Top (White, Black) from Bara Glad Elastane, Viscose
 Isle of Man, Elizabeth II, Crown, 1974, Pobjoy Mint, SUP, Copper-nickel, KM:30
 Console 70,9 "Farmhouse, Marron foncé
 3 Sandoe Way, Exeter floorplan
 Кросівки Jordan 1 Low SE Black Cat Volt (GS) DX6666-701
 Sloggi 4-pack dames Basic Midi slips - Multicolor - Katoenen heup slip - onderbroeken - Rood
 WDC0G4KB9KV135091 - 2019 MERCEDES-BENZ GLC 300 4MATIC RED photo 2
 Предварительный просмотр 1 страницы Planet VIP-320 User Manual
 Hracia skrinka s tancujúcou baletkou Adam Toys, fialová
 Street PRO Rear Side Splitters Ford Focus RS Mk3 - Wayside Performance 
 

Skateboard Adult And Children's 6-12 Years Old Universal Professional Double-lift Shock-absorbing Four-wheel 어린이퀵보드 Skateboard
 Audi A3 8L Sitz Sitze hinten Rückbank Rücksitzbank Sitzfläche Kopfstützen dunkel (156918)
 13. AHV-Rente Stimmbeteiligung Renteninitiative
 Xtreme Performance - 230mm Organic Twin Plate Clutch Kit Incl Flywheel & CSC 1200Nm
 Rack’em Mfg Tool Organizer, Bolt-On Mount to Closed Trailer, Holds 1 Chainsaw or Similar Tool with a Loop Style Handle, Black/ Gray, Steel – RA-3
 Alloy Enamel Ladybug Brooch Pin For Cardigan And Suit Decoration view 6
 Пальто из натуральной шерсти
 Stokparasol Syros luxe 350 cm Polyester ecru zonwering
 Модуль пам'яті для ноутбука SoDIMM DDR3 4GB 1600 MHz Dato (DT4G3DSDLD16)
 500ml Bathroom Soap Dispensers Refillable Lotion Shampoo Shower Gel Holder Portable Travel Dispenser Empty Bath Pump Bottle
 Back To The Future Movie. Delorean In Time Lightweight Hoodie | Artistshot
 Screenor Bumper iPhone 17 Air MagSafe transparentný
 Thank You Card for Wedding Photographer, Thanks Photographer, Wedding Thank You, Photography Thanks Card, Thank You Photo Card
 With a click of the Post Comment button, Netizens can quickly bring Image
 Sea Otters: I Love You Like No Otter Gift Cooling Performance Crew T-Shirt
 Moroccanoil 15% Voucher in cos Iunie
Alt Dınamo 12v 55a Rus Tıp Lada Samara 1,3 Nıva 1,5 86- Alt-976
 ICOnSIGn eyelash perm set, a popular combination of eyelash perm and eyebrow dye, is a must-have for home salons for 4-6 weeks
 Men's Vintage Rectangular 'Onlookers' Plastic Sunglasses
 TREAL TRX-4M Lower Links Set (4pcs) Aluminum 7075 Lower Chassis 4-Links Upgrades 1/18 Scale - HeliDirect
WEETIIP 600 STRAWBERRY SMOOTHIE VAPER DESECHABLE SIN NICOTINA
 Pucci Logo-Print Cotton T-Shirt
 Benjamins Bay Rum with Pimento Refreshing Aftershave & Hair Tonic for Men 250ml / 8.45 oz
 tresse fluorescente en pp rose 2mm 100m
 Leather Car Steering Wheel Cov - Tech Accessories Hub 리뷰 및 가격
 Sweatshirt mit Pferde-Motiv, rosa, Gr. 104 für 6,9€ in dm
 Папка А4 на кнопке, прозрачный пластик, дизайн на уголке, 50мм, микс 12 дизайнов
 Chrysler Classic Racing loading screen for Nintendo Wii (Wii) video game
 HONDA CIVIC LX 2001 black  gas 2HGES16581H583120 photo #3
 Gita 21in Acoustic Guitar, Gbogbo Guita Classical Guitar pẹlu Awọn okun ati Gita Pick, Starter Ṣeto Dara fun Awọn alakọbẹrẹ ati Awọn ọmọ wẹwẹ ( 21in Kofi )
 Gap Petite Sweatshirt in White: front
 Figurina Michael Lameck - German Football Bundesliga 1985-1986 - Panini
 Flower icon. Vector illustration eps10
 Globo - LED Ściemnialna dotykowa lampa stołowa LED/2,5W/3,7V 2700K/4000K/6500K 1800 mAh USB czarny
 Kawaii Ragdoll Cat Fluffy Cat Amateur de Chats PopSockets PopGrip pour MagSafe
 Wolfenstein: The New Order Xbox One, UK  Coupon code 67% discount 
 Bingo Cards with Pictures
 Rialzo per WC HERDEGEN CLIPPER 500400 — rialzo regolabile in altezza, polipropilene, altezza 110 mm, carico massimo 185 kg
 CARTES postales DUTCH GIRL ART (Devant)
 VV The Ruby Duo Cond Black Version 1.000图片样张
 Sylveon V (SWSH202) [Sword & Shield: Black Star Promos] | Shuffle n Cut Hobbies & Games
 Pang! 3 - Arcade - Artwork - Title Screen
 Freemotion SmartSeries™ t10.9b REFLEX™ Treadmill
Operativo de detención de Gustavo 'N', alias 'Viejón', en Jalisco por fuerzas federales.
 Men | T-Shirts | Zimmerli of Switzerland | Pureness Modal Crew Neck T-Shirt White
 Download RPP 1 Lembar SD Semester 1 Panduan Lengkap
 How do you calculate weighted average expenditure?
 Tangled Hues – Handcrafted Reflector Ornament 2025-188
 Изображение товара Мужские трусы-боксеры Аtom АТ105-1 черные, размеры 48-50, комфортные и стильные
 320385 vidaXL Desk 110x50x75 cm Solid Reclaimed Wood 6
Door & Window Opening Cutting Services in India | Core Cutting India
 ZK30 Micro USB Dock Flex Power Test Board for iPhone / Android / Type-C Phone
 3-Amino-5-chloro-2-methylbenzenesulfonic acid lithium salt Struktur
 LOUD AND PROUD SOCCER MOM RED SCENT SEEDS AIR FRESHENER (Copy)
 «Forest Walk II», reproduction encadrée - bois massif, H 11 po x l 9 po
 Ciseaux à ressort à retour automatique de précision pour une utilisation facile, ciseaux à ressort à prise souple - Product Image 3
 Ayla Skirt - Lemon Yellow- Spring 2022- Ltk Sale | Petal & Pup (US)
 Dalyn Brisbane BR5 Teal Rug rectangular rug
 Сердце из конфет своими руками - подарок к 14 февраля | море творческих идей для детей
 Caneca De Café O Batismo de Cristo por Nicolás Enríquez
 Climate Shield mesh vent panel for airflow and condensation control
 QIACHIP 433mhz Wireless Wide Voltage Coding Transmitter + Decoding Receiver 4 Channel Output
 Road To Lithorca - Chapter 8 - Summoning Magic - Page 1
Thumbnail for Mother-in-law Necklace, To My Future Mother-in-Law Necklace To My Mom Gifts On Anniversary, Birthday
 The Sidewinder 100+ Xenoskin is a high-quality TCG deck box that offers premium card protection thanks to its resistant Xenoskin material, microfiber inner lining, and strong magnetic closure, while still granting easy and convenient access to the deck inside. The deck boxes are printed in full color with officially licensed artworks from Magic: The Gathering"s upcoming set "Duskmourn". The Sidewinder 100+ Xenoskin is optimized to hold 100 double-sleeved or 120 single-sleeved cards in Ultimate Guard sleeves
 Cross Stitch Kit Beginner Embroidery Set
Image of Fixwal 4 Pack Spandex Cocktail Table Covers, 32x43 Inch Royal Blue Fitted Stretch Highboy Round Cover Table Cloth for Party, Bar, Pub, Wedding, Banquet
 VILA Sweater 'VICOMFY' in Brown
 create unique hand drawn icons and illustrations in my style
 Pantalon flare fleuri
*****
* _Your objective_
Everything from the first line of the records above to the line containing "Модуль пам'яті для", inclusive, should be repeated exactly; leave out the rest.

* _Exercise solution_
Top (White, Black) from Bara Glad Elastane, Viscose
 Isle of Man, Elizabeth II, Crown, 1974, Pobjoy Mint, SUP, Copper-nickel, KM:30
 Console 70,9 "Farmhouse, Marron foncé
 3 Sandoe Way, Exeter floorplan
 Кросівки Jordan 1 Low SE Black Cat Volt (GS) DX6666-701
 Sloggi 4-pack dames Basic Midi slips - Multicolor - Katoenen heup slip - onderbroeken - Rood
 WDC0G4KB9KV135091 - 2019 MERCEDES-BENZ GLC 300 4MATIC RED photo 2
 Предварительный просмотр 1 страницы Planet VIP-320 User Manual
 Hracia skrinka s tancujúcou baletkou Adam Toys, fialová
 Street PRO Rear Side Splitters Ford Focus RS Mk3 - Wayside Performance 
 

Skateboard Adult And Children's 6-12 Years Old Universal Professional Double-lift Shock-absorbing Four-wheel 어린이퀵보드 Skateboard
 Audi A3 8L Sitz Sitze hinten Rückbank Rücksitzbank Sitzfläche Kopfstützen dunkel (156918)
 13. AHV-Rente Stimmbeteiligung Renteninitiative
 Xtreme Performance - 230mm Organic Twin Plate Clutch Kit Incl Flywheel & CSC 1200Nm
 Rack’em Mfg Tool Organizer, Bolt-On Mount to Closed Trailer, Holds 1 Chainsaw or Similar Tool with a Loop Style Handle, Black/ Gray, Steel – RA-3
 Alloy Enamel Ladybug Brooch Pin For Cardigan And Suit Decoration view 6
 Пальто из натуральной шерсти
 Stokparasol Syros luxe 350 cm Polyester ecru zonwering
 Модуль пам'яті для ноутбука SoDIMM DDR3 4GB 1600 MHz Dato (DT4G3DSDLD16)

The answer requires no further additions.